• **WHAT YOU HAVE TO DO**: Every line below from the one containing "thumbnail image 6" through the one containing "VidaXL vidaXL Dining" is to be printed exactly, with the pictures omitted.

• **LISTED ENTRIES**:
⁂

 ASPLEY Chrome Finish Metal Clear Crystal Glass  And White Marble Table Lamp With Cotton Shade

⁂

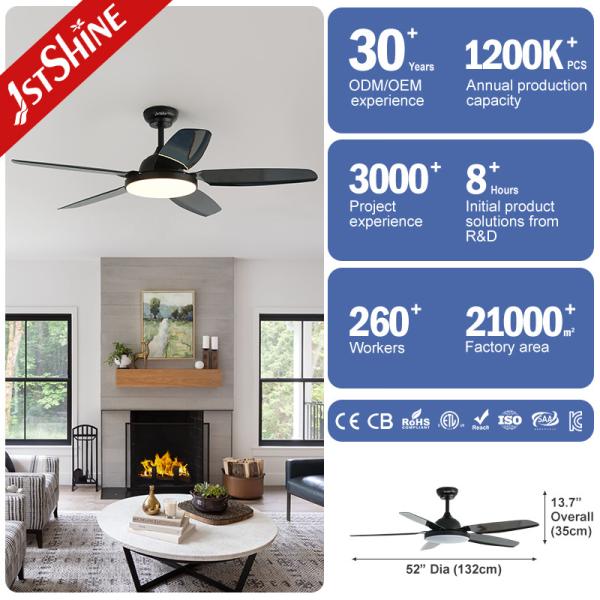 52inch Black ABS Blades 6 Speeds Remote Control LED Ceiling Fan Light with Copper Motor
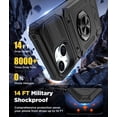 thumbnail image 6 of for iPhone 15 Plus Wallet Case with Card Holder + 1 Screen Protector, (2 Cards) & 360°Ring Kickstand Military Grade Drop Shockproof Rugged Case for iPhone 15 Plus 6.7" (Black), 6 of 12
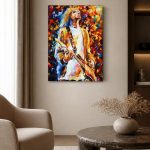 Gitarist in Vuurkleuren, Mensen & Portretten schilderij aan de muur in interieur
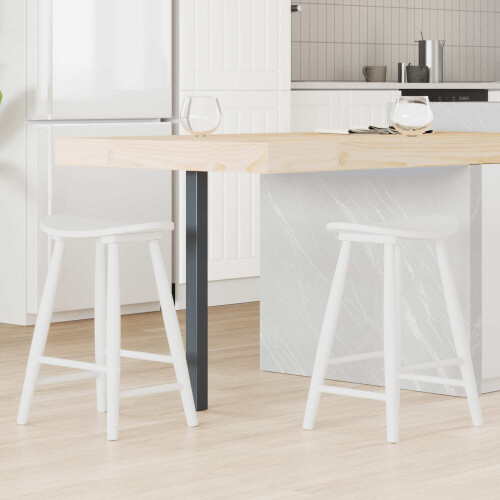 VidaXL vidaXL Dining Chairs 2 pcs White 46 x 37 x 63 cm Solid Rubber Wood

⁂

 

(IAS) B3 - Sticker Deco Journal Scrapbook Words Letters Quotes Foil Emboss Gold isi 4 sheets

⁂

• **EXERCISE SOLUTION**:
 thumbnail image 6 of for iPhone 15 Plus Wallet Case with Card Holder + 1 Screen Protector, (2 Cards) & 360°Ring Kickstand Military Grade Drop Shockproof Rugged Case for iPhone 15 Plus 6.7" (Black), 6 of 12
 Gitarist in Vuurkleuren, Mensen & Portretten schilderij aan de muur in interieur
 VidaXL vidaXL Dining Chairs 2 pcs White 46 x 37 x 63 cm Solid Rubber Wood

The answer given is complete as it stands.